So, inflation has gone down further to 1.3% for the year to September 2016 from 1.7% in the first quarter of 2016. This is against the RBA’s target rate of 2-3% and all the economic boffins are turning their eyes toward the Reserve Bank guessing as to whether Governor Philip Lowe will reduce interest rates further to 1.25% on Cup Day.
Why do they bother? None of the past half dozen or so rate reductions have stimulated spending. Neither will another rate cut. RBA governor, Philip Lowe has already suggested that reducing rates has run its course and some form of fiscal stimulus is necessary.
What rate reductions have done is inflate housing prices. That is not what they were intended to do. So, now we have the usual suspects (the wealthy) being the beneficiaries of a housing boom while those who most need to buy a house lose out, or place themselves at financial risk by borrowing beyond their capacity to repay.
So, why is inflation so low? The short answer is people are not spending enough to generate increased sales growth that will convince businesses to invest and thus stimulate employment. Sales are the lifeblood of an economy. The 3% GDP growth experienced over the past year has come, not from increased sales, but on the back of government spending.
So who is responsible for scaring people enough to stop them spending? Firstly, it was Joe Hockey and Tony Abbott. Now it is Scott Morrison and Malcolm Turnbull.
People will not spend when they are convinced, as they have been by this government, that the economy is tanking, that we must live within our means, that we have a spending problem, that we must reduce the debt or go broke. That false debt-scare has frightened everyone to such a degree that they have resorted to paying down debt and/or saving.
But here’s the thing about our national debt. We know the government recovers an equivalent amount of currency in circulation (a pre-existing government liability) in exchange for the issuance of Commonwealth Government Securities, i.e. security ‘paper’ – but the transaction is recorded on national fiscal balance sheets as an increase in government liabilities.
When that same transaction is recorded on the private investor’s balance sheet with the RBA, the purchase of that ‘security’ is recorded as:
1) A reduction in available ‘Current assets’ equal to the amount of money withdrawn to pay the purchase cost of the purchased bonds;
2) An increased in the value of long term ‘Investments’ held – of an equal amount to the reduction recorded in ‘current assets’.
In other words, the transaction, at the time of purchase, represents a transfer of money from a readily convertible ‘liquid’ form (cash) to an (interest earning) not so readily convertible investment form (security contract).

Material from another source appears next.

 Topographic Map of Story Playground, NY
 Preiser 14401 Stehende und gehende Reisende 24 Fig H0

At that instant in time, there has been no increase in the net wealth of the investor, though ‘interest’ dividends will be received per agreed investment terms. The interest paid on the bonds is a Reserve Bank transaction, not a fiscal one. That interest should not be a budgetary consideration.
This is what we call our national debt. Yet this government won office in 2013 on the back of a giant scare tactic, saying that our economy was going down the toilet; that we had to balance the budget and pay down debt. In fact, they are still doing it.

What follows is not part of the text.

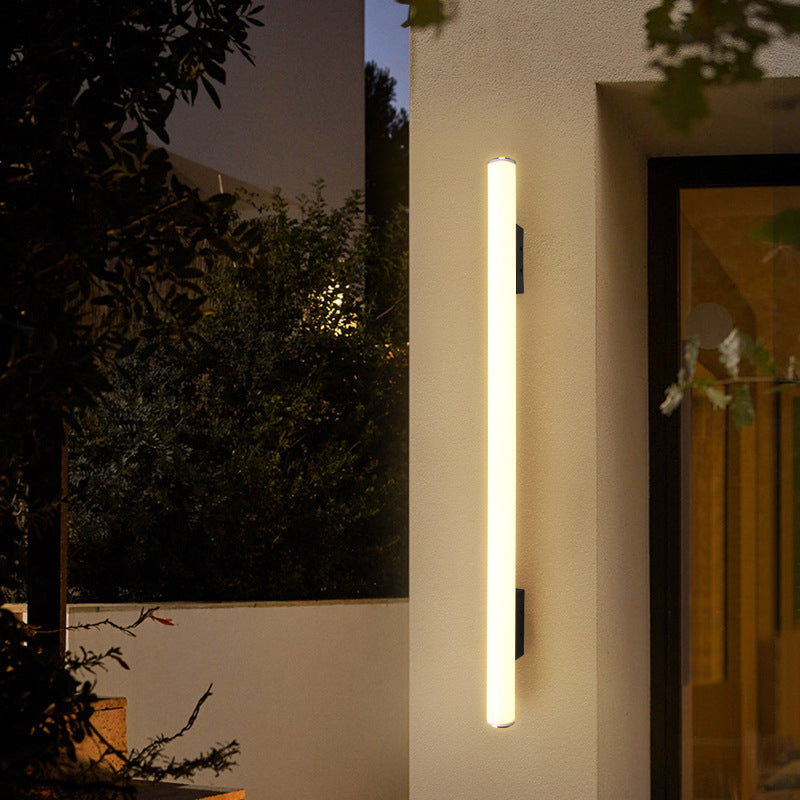 Acrylic Aluminum Cylindrical Strip Outdoor Light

So now, through their own ignorance, they are reaping what they have sown. They have frightened the community so well that any growth recorded is the product of the very thing they are trying to reduce… their own spending. In soccer parlance, I think that’s called an ‘own goal’.
If you doubt that our national debt is a myth, that all government spending is new money, that taxes withdraw money from circulation AFTER it has been spent into existence by the government, consider the contradiction of the fiscal balance sheet liability when juxtaposed upon the RBA transactions that simply swap one account across to another and credit interest as agreed.

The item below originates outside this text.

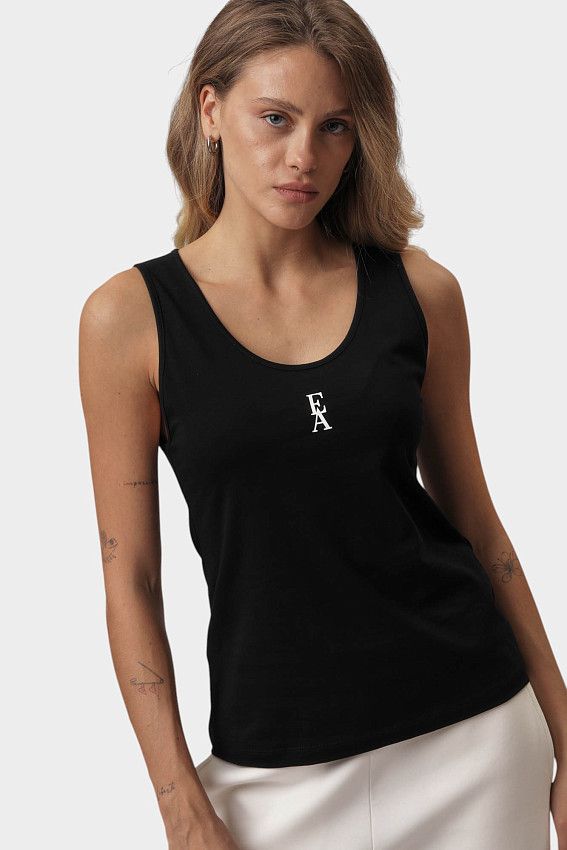 Майка Emporio Armani Черный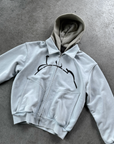 ARCHIVE-BLUE HOODED ZIP JACKET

When one views the transaction this way, it is easier to see how our national debt (so-called) is a myth; one can see that bond sales do not fund government spending. The money received in exchange for the bonds remains in an account at the RBA on behalf of the investor.
The commercial accounting condition that every asset has a corresponding liability is not being applied to federal government accounts. One can see that the entry of the bond sale revenue onto the fiscal balance sheet as a liability only, is false accounting.
This has been written in collaboration with John Bloomfield.